[SUPPLIED RECORDS]

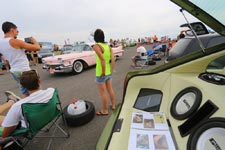Galerie Carlsbad Classic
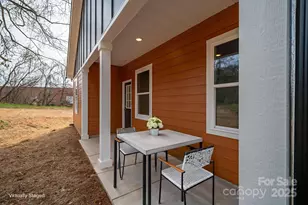 608 N Mountain St, Cherryville, NC 28021 - Photo 14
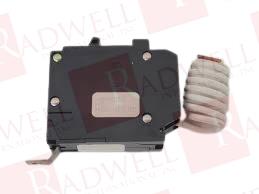 EATON CORPORATION GFCBB115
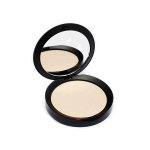Purobio cosmetics poudre compacte indissoluble 02 9g Purobio cosmetics poudre compacte indissoluble 02 9g
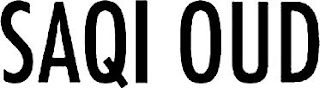 SAQI OUD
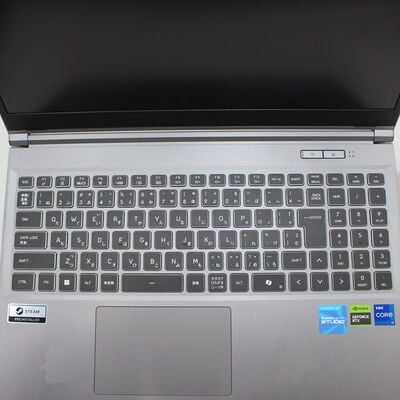 【大分店】中古  THIRDWAVE GALLERIA RL7C-R35-C5N 190673 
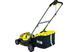 Газонокосарка акумуляторна Ryobi RY18LMX37A-150 HY_090115191 фото 4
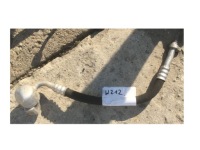 фото thumb №1, Шланг кондиционера mercedes w212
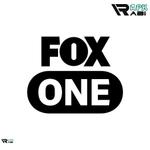 FOX One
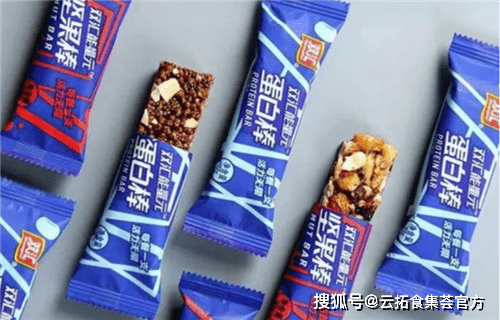王中王一肖中平，探尋名字背后的故事與SEO奧秘，王中王一肖中平，名字背后的故事與SEO奧秘探尋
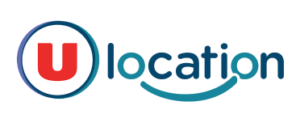 logo u location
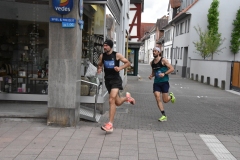 HS7_8092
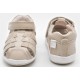 Mayoral sandale din piele baieti 41759-43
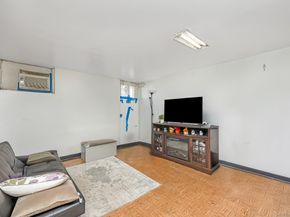 58-43 81st Street, Middle Village NY 11379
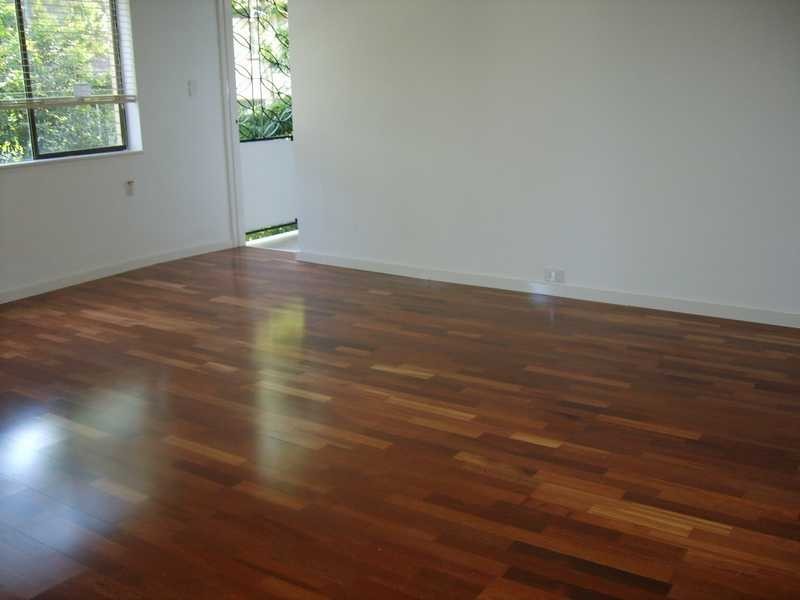 3/75 Stewart Road, Ashgrove QLD 4060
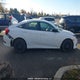 2HGFC2E22JH020093 2018 Honda Civic auction photo thumbnail 13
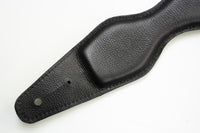 [new] evo straps / GIB LTD No.19 [yokohama store]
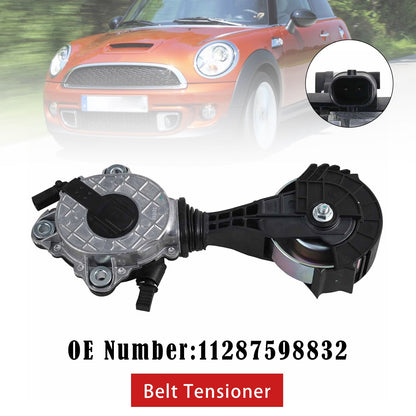 Tendicinghia 11287598832 per Mini R56 1.6 N12 N14 N16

[REQUIRED ACTION]
Copy each line of the records precisely and drop any images they hold.

[RESPONSE AREA]
Galerie Carlsbad Classic
 608 N Mountain St, Cherryville, NC 28021 - Photo 14
 EATON CORPORATION GFCBB115
Purobio cosmetics poudre compacte indissoluble 02 9g Purobio cosmetics poudre compacte indissoluble 02 9g
 SAQI OUD
 【大分店】中古  THIRDWAVE GALLERIA RL7C-R35-C5N 190673 
 Газонокосарка акумуляторна Ryobi RY18LMX37A-150 HY_090115191 фото 4
 фото thumb №1, Шланг кондиционера mercedes w212
 FOX One
王中王一肖中平，探尋名字背后的故事與SEO奧秘，王中王一肖中平，名字背后的故事與SEO奧秘探尋
 logo u location
 HS7_8092
 Mayoral sandale din piele baieti 41759-43
 58-43 81st Street, Middle Village NY 11379
 3/75 Stewart Road, Ashgrove QLD 4060
 2HGFC2E22JH020093 2018 Honda Civic auction photo thumbnail 13
 [new] evo straps / GIB LTD No.19 [yokohama store]
 Tendicinghia 11287598832 per Mini R56 1.6 N12 N14 N16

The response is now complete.